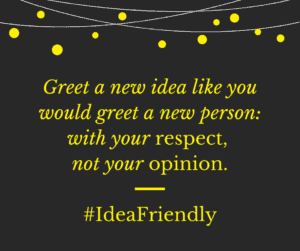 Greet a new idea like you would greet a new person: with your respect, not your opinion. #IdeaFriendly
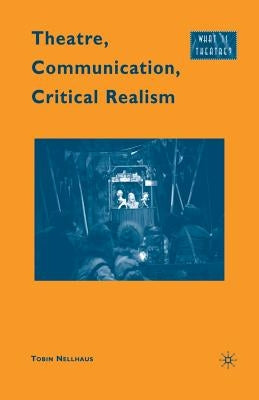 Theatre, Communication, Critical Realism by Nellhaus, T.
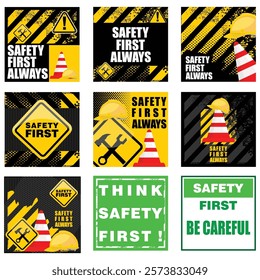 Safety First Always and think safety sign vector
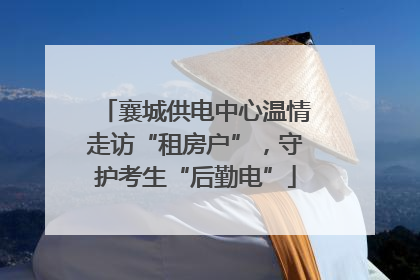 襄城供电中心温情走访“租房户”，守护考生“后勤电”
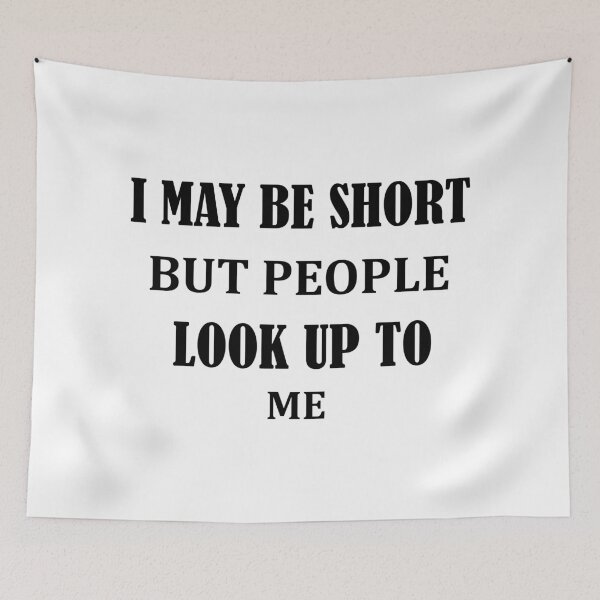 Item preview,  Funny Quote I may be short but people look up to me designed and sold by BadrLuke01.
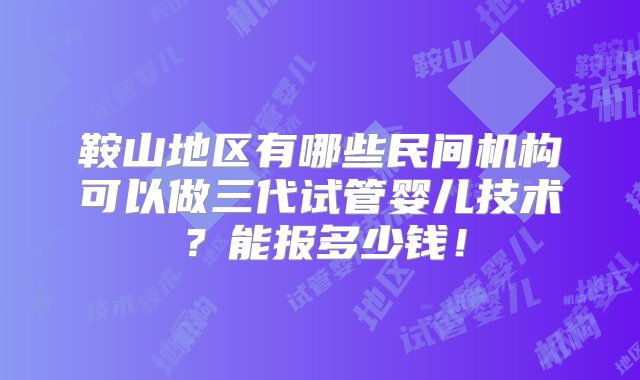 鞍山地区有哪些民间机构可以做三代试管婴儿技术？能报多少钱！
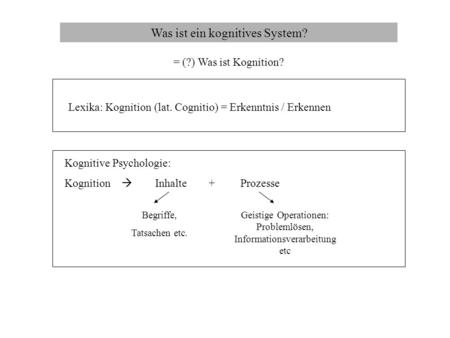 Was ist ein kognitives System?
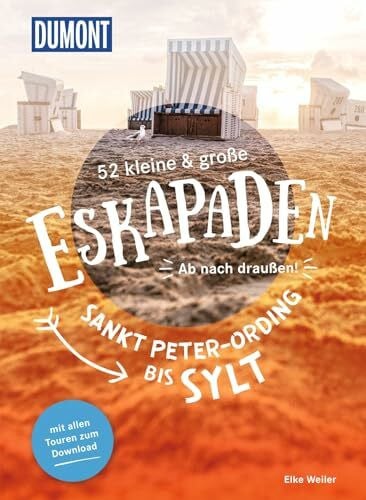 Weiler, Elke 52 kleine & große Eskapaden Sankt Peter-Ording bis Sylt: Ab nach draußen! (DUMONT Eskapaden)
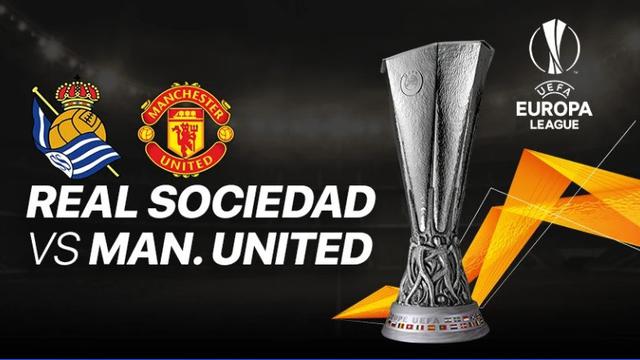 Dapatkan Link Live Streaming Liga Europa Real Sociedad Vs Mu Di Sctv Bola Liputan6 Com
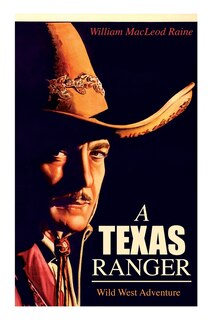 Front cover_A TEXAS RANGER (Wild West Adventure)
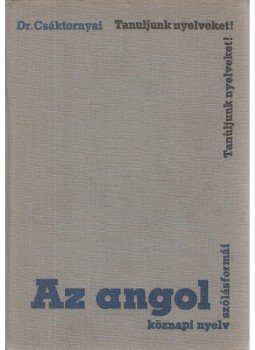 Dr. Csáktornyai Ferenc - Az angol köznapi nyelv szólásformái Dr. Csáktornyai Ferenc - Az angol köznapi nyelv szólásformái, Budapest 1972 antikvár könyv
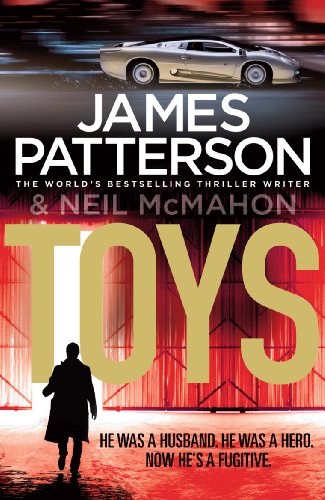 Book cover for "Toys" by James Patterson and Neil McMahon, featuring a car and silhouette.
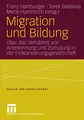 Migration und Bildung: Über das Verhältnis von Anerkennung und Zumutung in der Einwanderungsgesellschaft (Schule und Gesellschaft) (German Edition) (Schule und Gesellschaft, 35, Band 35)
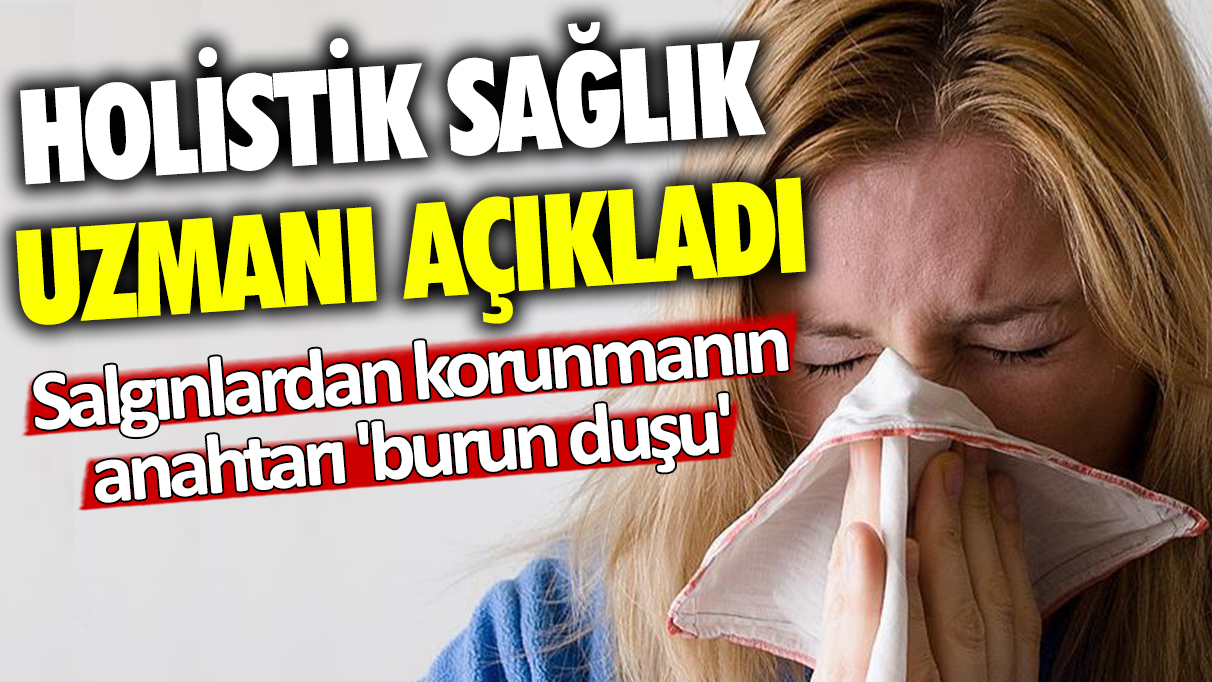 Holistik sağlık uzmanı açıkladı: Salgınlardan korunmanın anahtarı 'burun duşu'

⁂

Exercise prompt. Transcribe exactly, and only, the lines from the one containing "Book cover for" through the last line of the records above, both included; leave out the pictures.

Response for this exercise.
 Book cover for "Toys" by James Patterson and Neil McMahon, featuring a car and silhouette.
 Migration und Bildung: Über das Verhältnis von Anerkennung und Zumutung in der Einwanderungsgesellschaft (Schule und Gesellschaft) (German Edition) (Schule und Gesellschaft, 35, Band 35)
 Holistik sağlık uzmanı açıkladı: Salgınlardan korunmanın anahtarı 'burun duşu'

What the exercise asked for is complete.